Hebrews 9:1-14, Matthew 12:1-6
In Jesus day, the central point for all things faith related for the Jewish people was the temple in Jerusalem. It’s where worship happened and the different festivals were celebrated. Different forms of sacrifice were performed so that different kinds of sin would be forgiven by God. A couple of months ago we talked about the central area in the temple known as the Holy of Holies. It was a room within a room within a room kind of setup and was surrounded by a curtain to create a barrier between what was inside the Holy of Holies and everything, and every one, on the outside. In the early days, before the Babylonians came in and trashed the place, the Holy of Holies is the place where the tablets with the Ten Commandments were stored and it was the place where the temple high priest would come into the presence of God and offer a sacrifice on behalf of himself and all the people.
As a sidenote, I’ve read in a couple of places where it was believed that if the high priest had a sinful thought while in God’s presence inside the Holy of Holies, then he and all the rest of the people would be destroyed. How would you like to be the high priest and have that pressure on your shoulders? No sinful thoughts for the next hour or we all die! Good luck with that.

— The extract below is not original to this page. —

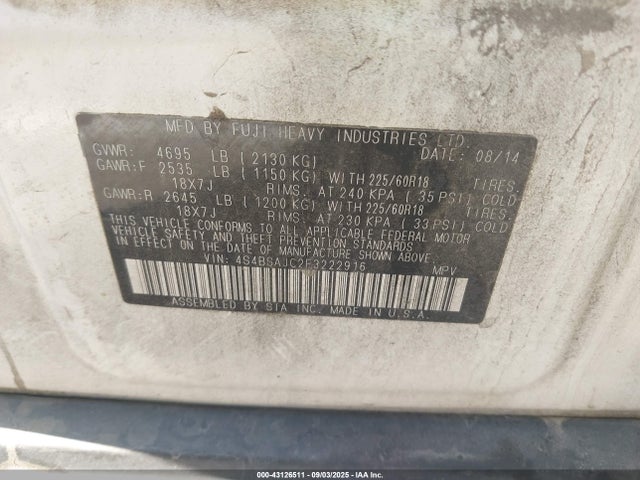 Subaru 2.5l u5 2015 4S4BSAJC2F3222916 Image 9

Anyways, it was truly a sacred space and served a special function in the life of the Jewish people. It was where the presence of God was found and from that presence was found forgiveness. Not an inconsequential thing, really.

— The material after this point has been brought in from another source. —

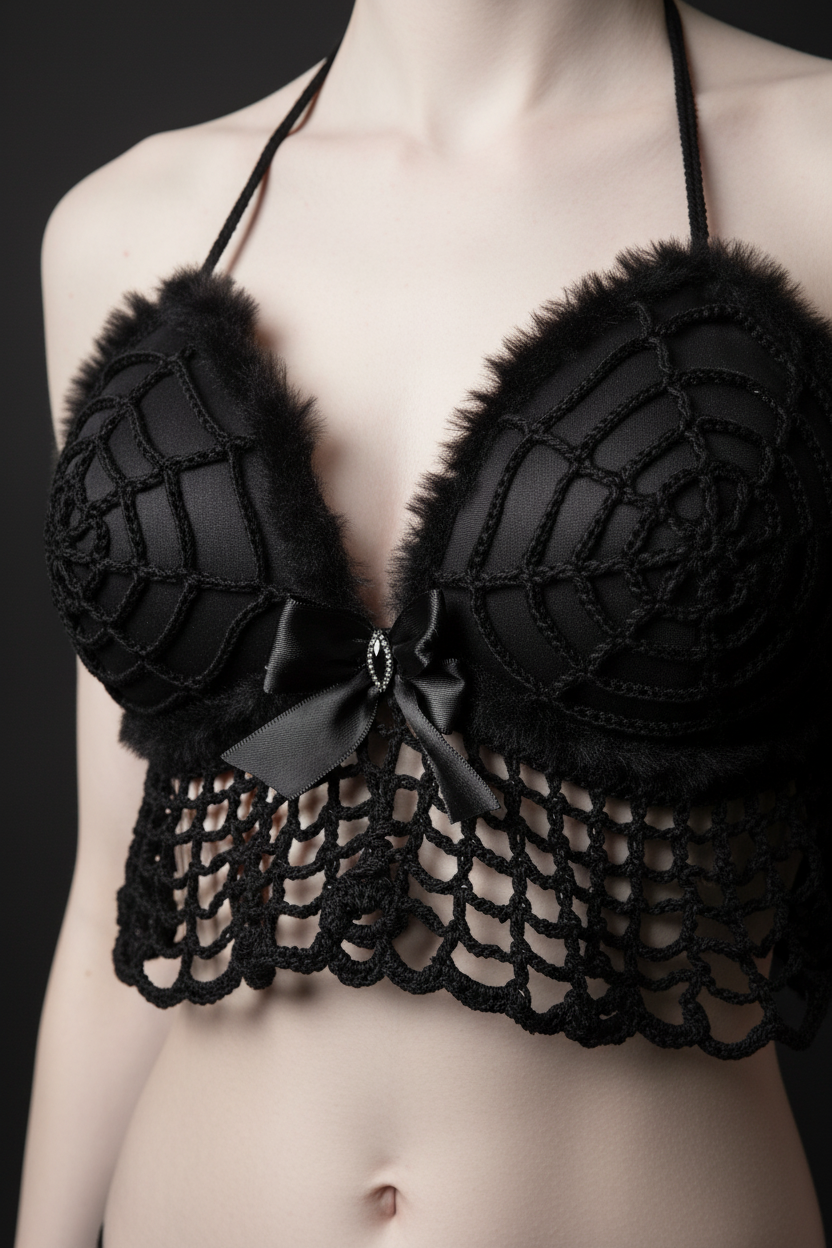 Gothic Top with Fur Cups and Crochet Ruffle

It was a place that was so holy, that contained a holy God’s presence, that there had to be a barrier, that curtain I mentioned earlier, to separate the holiness of God from the unholiness of God’s people. Think about that. A God so holy that there needed to be a barrier between God and us. Between God and you. An understanding of God that requires a barrier between you and God. That’s an understanding of God that is difficult to grasp, don’t you think?
It’s also not what God’s ultimate desire for us looks like, either. Since the beginning of creation, God has been present with all of creation. That means us. God hasn’t put any barriers up to keep us away. God keeps trying and keeps trying to stay connected with God’s children.

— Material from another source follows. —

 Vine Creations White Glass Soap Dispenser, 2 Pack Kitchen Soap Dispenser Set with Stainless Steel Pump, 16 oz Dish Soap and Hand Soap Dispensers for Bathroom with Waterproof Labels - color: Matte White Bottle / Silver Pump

The trouble is, we’re problem children. We’re problem children who keep putting up barriers to separate ourselves from God. We can look at the temple in Jerusalem and snicker a little bit about the curtain surrounding the Holy of Holies but in our heart of hearts are we so much different? Are we so much wiser? Are we so much better that we don’t put up our own barriers between ourselves and God? Even when those barriers are unseen and unspoken?
That’s the trouble with people. We have a tendency to trust unto ourselves first and foremost rather than trusting unto God first and foremost. Sometimes we close the door quietly to keep God in the next room and other times it’s like we slam the door. On God. Really? What kind of sense does that make? Not much but we do it anyway, far too often. We may not like to think about it and we certainly hate to admit it but we do.
The hard question to ask is why are we slamming a door? Usually we slam doors because we’re angry and want nothing to do with whomever made us angry. I suppose that can be God on occasion. Mostly we do it because we’re out of control of a situation and don’t know what to do. Slamming a door makes us feel better.
Someday maybe we’ll understand that we really aren’t in control. God is. The difficulty for us is grasping the idea that God is in control. Recognizing that and taking it a step further we recognize that we really can trust God. Once we put our trust in God we no longer need to slam the door.
Until that time, and fortunately for us, God doesn’t need and certainly doesn’t want any barriers between us. We can slam the door all we want but God is going to be right there with us. We know this because in Christ Jesus, with his sacrifice on the cross for the forgiveness of our sins, that barrier has been taken down. The barrier we put up between God and ourselves is permanently broken apart. The curtain is torn.
When we slam the door it’s as if God just lets the door bang right back open. Thank God for that.